Ein naturwissenschaftlich-philosophischer Entwurf

Vor 50 Jahren war daran nicht zu denken. Erich John war damals Dozent an der Hochschule für bildende und angewandte Kunst in Weißensee (heute Kunsthochschule Weißensee). John hatte dort zuvor Formgestaltung studiert.

1968 bat ihn der Professor für Malerei und spätere Rektor der Kunsthochschule, Walter Womacka, John möge sich an einem Wettbewerb zur Gestaltung des Alexanderplatzes beteiligen. Es geht um sozialistischen Realismus, um großzügige Stadtplanung in der Hauptstadt der DDR. Auf dem Alex haben Bauarbeiter 1966 Reste einer Urania Säule gefunden, die den Berlinern einst das Wetter und die Uhrzeit angezeigt haben.

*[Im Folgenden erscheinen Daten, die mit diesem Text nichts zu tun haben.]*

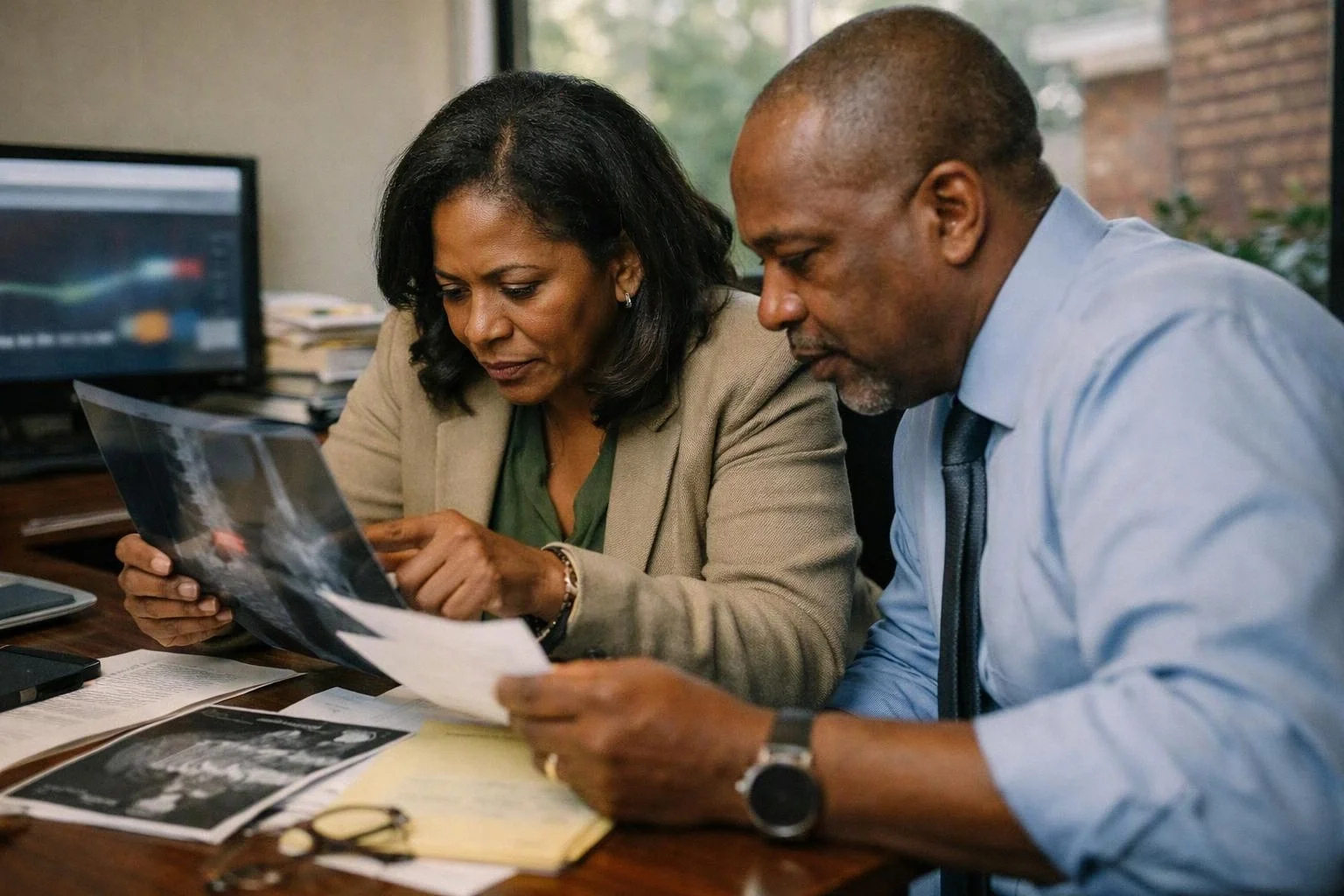 Two adults review printed photos and papers together at a desk in an office setting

 Erich John, damals 36 Jahre alt, entwirft für den Wettbewerb eine Uhr mit allen Zeitzonen, auf der Rotunde steht die Uhrzeit von über 140 Städten der Welt. Darüber dreht sich das Planetensystem als Grundlage unserer Zeitmessung.

Es ist ein naturwissenschaftlich-philosophischer Entwurf, den John der Jury vorlegt, es geht um Astronomie, um Zeit als physikalische Größe, ohne politische Bekenntnisse zum Sozialismus und revolutionäre Parolen. „Trotzdem haben alle von meinem Entwurf Feuer gefangen“, erinnert sich Erich John.

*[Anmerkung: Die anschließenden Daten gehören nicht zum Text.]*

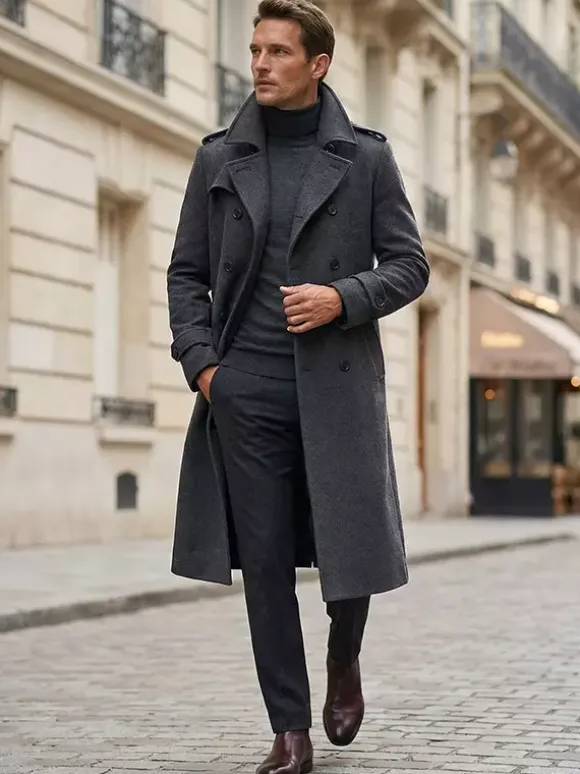 Men's Longline Coats Woolen Notched Lapel Collar Camel Slim Fit Overcoats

Von 120 Facharbeitern gebaut

Im Dezember 1968 bekommt er den Auftrag, die Weltzeituhr zu bauen. Es muss schnell gehen. Zur feierlichen Eröffnung des neu gestalteten Alexanderplatzes und des Fernsehturms soll das Bauwerk im September 1969 fertig sein, kurz vor dem 20. Jahrestags der DDR. Erich John zweifelt am Zeitplan, er versucht es trotzdem und stellt Bedingungen. „Ich habe finanzielle und technische Unterstützung gefordert“, sagt John. Das Zentralkomitee der SED sichert ihm alles zu.

Eine Feierabendbrigade wird gegründet, John fährt durch das Land, besucht Betriebe, die Material liefern. Ein Trabant-Getriebe wird ins Laufwerk gebaut. Geld spielt keine Rolle. 480.000 Mark kostet die 16 Tonnen schwere Uhr. 120 Facharbeiter bauen sie. Erich John sagt: „Für die Planwirtschaft der DDR war das eine technische Meisterleistung.“ Carsten Kollmeier meint, in diesem Sinne sei die Weltzeituhr nicht nur ein Denkmal, sondern auch auch ein Symbol für die Arbeit in der DDR.